INPUT DATA:

/---

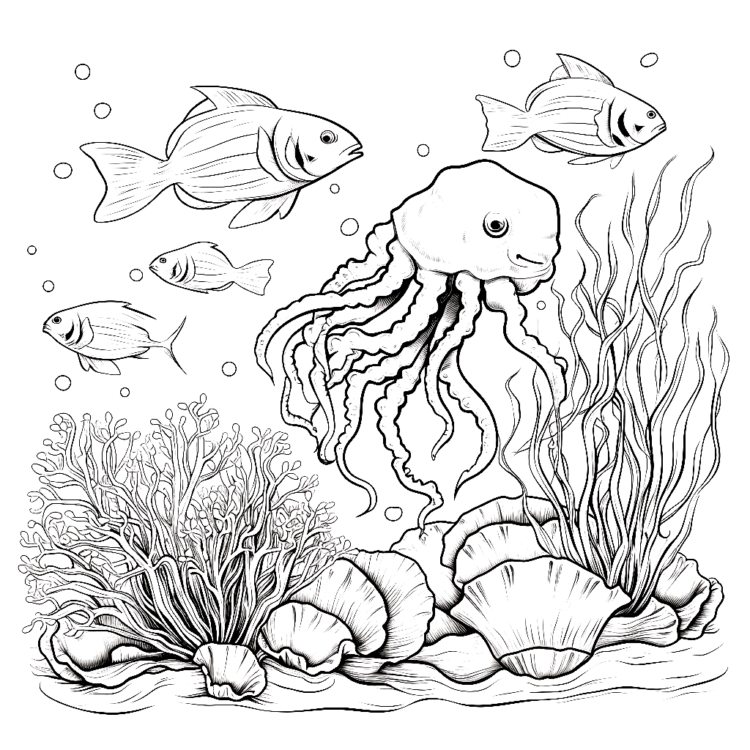 Dibujo para colorear pulpo y pez submarinos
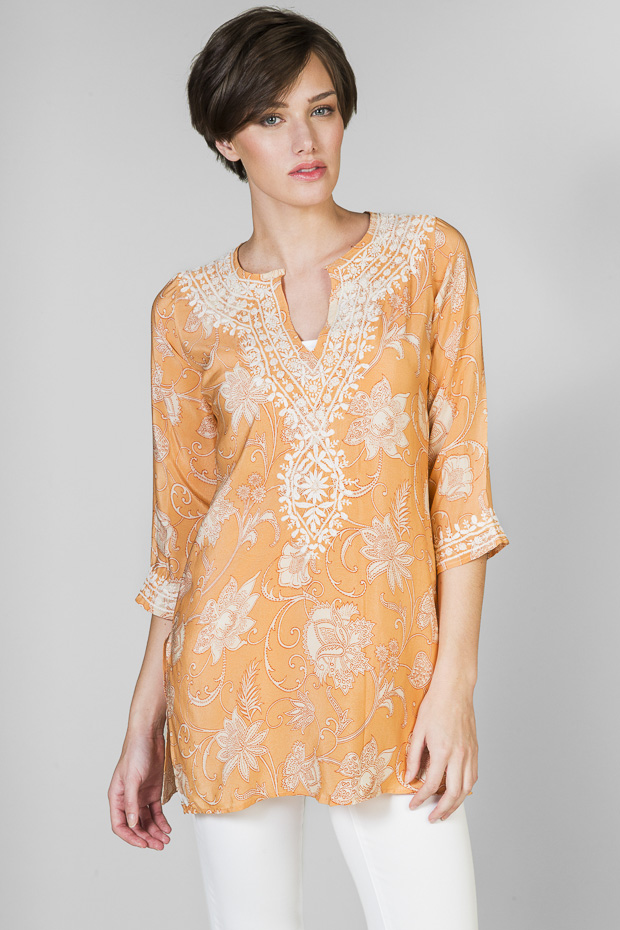 Audrey Apricot Silk Shirt - Amaya Textiles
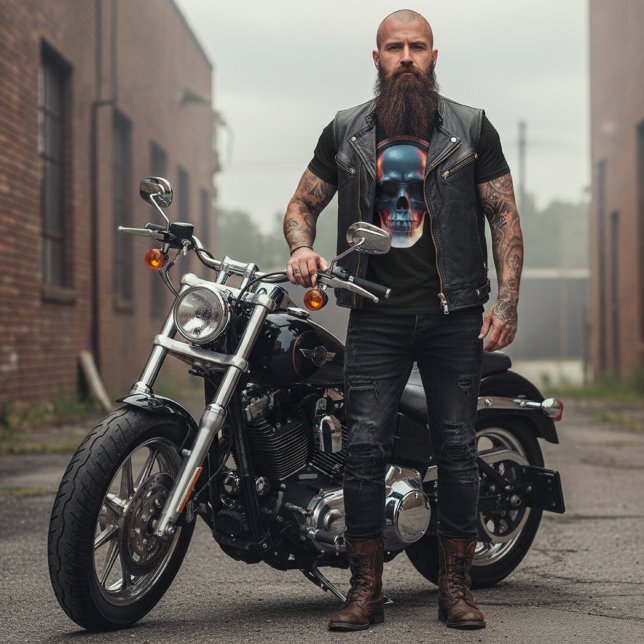 Neon Echo: Synthwave Gamer Skull Graphic T-Shirt (Von Creator hochgeladen)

\---

Give back the listing exactly, without a single picture.

RESULT OF THIS TASK:
 Dibujo para colorear pulpo y pez submarinos
 Audrey Apricot Silk Shirt - Amaya Textiles
 Neon Echo: Synthwave Gamer Skull Graphic T-Shirt (Von Creator hochgeladen)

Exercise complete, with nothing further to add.